Fill the container 1/2 full of water. Tilt the glass and SLOWLY and CAREFULLY pour alcohol along the side of the glass to fill it near the top. Place the glass on a flat surface. Looking from the side, it will seem that the water and alcohol have mixed, but unless you were in too much of a hurry, they have not.

Dip the end of the drinking straw into the cooking oil. Place your finger over the top end of the straw and lift it out of the oil. One or more drops of oil will stay in the end of the straw. Hold the straw over the glass of water and alcohol, near the surface. Remove your finger and the oil will drop into the glass. Each drop of oil will sink about halfway through the liquid and then stop, forming a round ball of oil that floats there.
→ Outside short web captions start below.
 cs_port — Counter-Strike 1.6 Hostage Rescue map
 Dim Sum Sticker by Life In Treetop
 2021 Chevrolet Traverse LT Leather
If you make several drops, they will each form a ball and the balls usually do not join unless forced together or touched by something like the end of the straw.

What is going on? Several different scientific principles are at work here. First, the alcohol is less dense than the water. One cubic inch of alcohol weighs less than one cubic inch of water. This lets the alcohol float on top of the water, forming two layers of liquid.
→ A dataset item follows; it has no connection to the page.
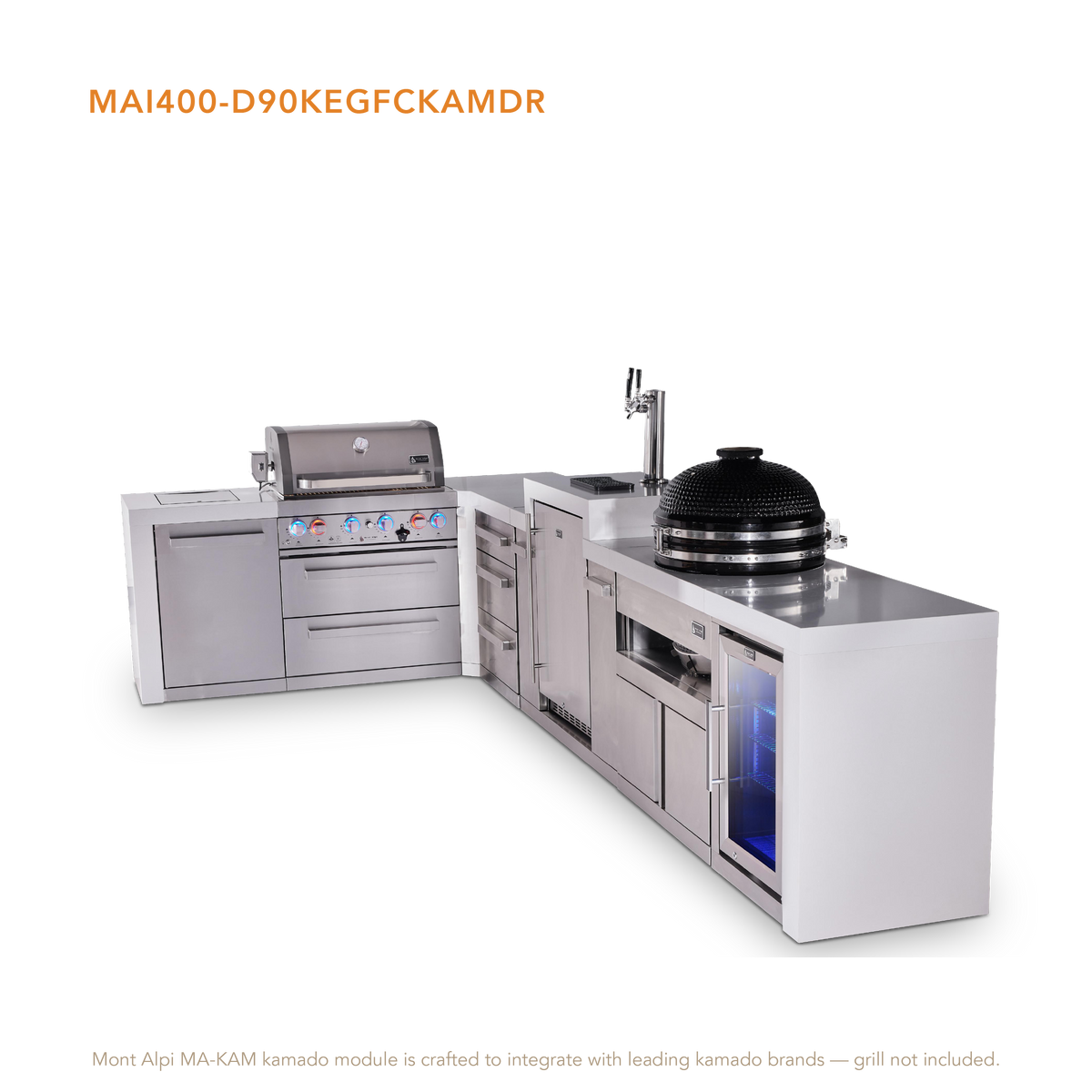 Mont Alpi MAi400-D90KEGFCKAMDR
The oil is denser than the alcohol, so it sinks through that layer. The oil is less dense than the water, so it floats on that layer. This causes the oil to float in the middle of the glass.
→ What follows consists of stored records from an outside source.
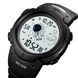 Skmei 1820BKWT Black-white 1080-0853 фото 2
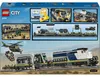 LEGO City Überfall auf den Polizeizug - Ferngesteuerter Produktbild-Vorschau 34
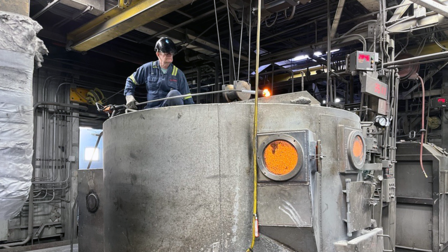 Metallpulver für die Additive Fertigung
OK, so now we know why the oil is in the middle. Now, why does it make a ball? The oil will not mix with the water or the alcohol. Water and alcohol are both polar liquids. That means that one end of the molecule has a slight positive charge and the other end has a slight negative charge. Oil is a non-polar liquid, and it does not have these charges on the ends. Polar liquids will mix with polar liquids. If you stir the liquid in your glass, the water and alcohol will mix. Non-polar liquids mix with non-polar liquids. If you stir two different kinds of oil together, they will mix. Polar and non- polar liquids will not mix, so the oil remains separate from the water and alcohol.

The oil forms a ball because of pressure. The liquid around it is pushing inwards equally in every direction. The oil is pushing outwards equally in every direction. This equal pressure causes the oil to form a ball. If your oil ball is large enough, You may see it start to flatten out. This is because gravity is pulling downwards, which means that the pressure is not equal in all directions and the ball is deformed. The larger the oil ball, the more it will flatten.